_What the exercise asks_
The answer is a stretch of the material below, returned exactly: the line containing "Schöne T2 Wohnung in Tignes Val Claret", the line containing "Me and the River", and all lines between.
[Opening The input section]
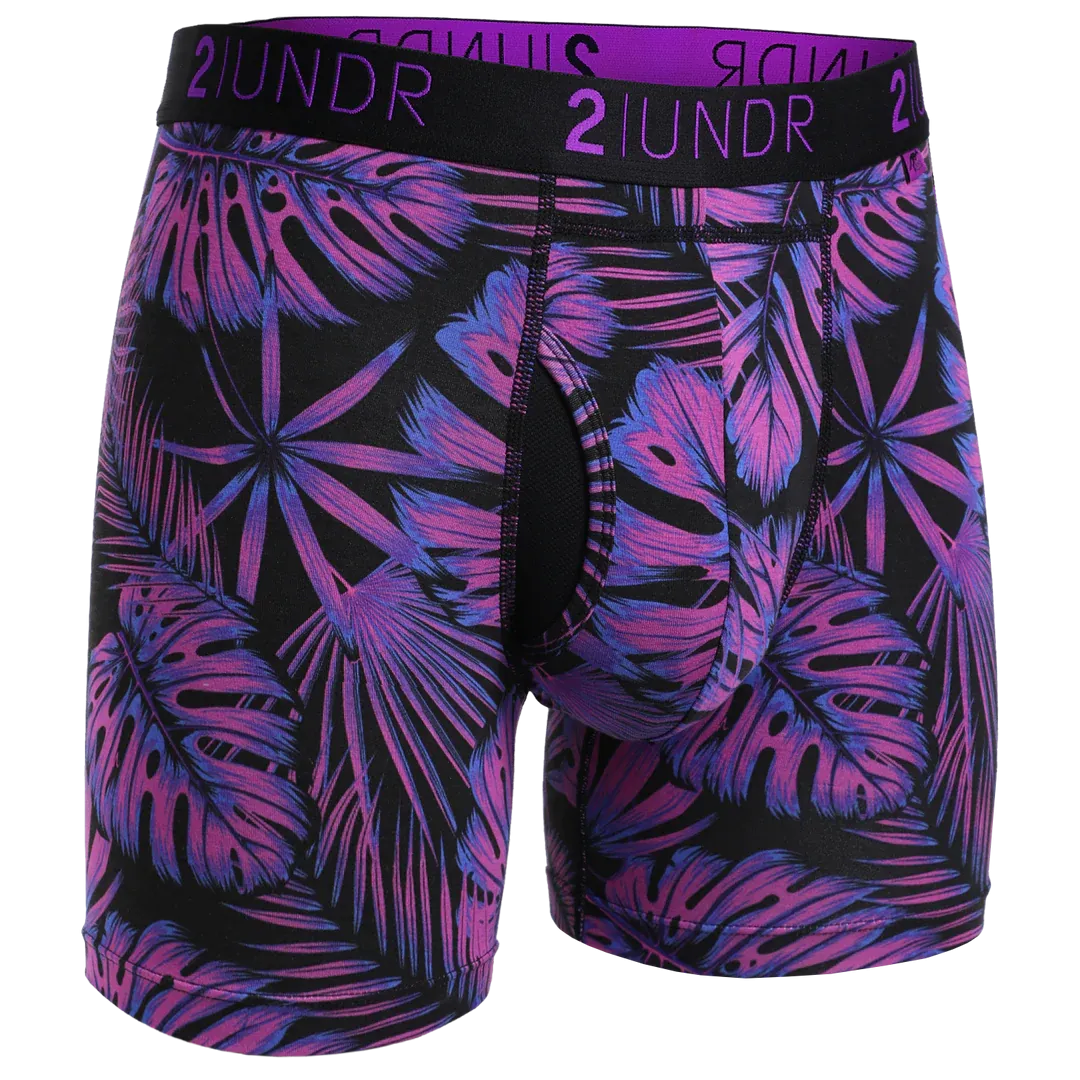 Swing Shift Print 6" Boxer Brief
[Closing The input section]
[Opening The input section]
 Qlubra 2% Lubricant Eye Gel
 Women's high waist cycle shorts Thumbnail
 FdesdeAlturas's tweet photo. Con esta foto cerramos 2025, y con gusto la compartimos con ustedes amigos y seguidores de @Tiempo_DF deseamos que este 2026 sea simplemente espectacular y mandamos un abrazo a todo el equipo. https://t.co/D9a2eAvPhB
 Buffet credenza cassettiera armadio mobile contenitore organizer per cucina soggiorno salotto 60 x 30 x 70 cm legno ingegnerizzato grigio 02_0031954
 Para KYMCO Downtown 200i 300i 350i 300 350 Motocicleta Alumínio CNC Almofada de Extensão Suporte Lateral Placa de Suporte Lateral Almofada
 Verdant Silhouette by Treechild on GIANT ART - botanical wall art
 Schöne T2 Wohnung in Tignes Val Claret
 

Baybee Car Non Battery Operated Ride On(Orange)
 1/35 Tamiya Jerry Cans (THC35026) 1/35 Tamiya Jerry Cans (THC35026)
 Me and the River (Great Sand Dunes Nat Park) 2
[Closing The input section]
_Result_
 Schöne T2 Wohnung in Tignes Val Claret
 

Baybee Car Non Battery Operated Ride On(Orange)
 1/35 Tamiya Jerry Cans (THC35026) 1/35 Tamiya Jerry Cans (THC35026)
 Me and the River (Great Sand Dunes Nat Park) 2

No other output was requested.